*** GIVEN RECORDS Section Begins ***
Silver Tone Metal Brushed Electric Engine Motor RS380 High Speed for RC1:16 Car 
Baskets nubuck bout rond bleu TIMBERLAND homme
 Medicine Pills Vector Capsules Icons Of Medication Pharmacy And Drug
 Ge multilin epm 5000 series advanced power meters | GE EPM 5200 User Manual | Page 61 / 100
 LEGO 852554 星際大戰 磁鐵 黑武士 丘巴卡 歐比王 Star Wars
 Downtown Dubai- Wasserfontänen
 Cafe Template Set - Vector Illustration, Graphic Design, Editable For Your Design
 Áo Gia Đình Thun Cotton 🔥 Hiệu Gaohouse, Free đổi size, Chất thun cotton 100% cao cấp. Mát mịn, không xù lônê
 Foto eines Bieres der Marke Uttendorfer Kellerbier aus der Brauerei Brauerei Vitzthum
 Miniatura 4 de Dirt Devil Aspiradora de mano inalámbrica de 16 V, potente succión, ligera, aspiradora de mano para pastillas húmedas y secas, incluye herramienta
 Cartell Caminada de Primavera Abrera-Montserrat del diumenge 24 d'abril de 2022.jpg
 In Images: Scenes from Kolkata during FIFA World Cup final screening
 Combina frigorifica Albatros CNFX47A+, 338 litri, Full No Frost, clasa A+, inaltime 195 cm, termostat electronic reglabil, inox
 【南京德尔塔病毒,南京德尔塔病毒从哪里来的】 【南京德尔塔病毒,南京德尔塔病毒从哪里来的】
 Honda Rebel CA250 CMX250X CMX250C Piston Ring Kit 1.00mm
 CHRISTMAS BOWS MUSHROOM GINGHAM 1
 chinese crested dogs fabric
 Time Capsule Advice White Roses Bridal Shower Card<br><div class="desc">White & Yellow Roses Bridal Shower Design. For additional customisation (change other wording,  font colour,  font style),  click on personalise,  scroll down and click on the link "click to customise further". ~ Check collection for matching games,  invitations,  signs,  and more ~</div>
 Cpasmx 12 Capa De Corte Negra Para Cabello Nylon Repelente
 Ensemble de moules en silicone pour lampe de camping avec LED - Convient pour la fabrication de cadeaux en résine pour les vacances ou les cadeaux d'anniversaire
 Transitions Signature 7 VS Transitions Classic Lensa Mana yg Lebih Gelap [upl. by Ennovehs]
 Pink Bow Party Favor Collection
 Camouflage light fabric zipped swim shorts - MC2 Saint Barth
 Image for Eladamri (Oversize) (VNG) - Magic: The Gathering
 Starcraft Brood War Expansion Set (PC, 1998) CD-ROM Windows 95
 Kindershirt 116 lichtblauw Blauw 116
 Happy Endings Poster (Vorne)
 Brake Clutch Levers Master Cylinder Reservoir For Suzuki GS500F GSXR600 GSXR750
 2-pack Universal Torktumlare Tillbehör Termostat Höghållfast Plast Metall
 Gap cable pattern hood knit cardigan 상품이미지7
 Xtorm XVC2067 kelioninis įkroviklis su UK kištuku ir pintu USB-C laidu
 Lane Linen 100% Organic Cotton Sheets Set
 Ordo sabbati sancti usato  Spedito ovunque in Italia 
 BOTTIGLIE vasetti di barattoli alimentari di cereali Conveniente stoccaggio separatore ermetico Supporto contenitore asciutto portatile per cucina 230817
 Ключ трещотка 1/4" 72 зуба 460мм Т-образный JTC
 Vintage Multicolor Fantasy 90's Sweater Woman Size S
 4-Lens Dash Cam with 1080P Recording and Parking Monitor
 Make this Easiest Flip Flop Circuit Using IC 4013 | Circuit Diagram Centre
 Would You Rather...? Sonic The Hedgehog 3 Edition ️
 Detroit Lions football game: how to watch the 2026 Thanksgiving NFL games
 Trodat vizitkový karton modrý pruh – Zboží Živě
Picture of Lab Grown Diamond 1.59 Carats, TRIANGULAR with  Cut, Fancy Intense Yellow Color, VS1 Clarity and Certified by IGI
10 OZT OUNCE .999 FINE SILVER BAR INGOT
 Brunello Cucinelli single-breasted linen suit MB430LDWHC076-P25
*** GIVEN RECORDS Section Ends ***
◆ EXERCISE AIM
Look above for the line with "Downtown Dubai- Wasserfontänen" and the line with "Cartell Caminada de"; transcribe both and all lines in between, exactly, and nothing else.

◆ TASK ANSWER
 Downtown Dubai- Wasserfontänen
 Cafe Template Set - Vector Illustration, Graphic Design, Editable For Your Design
 Áo Gia Đình Thun Cotton 🔥 Hiệu Gaohouse, Free đổi size, Chất thun cotton 100% cao cấp. Mát mịn, không xù lônê
 Foto eines Bieres der Marke Uttendorfer Kellerbier aus der Brauerei Brauerei Vitzthum
 Miniatura 4 de Dirt Devil Aspiradora de mano inalámbrica de 16 V, potente succión, ligera, aspiradora de mano para pastillas húmedas y secas, incluye herramienta
 Cartell Caminada de Primavera Abrera-Montserrat del diumenge 24 d'abril de 2022.jpg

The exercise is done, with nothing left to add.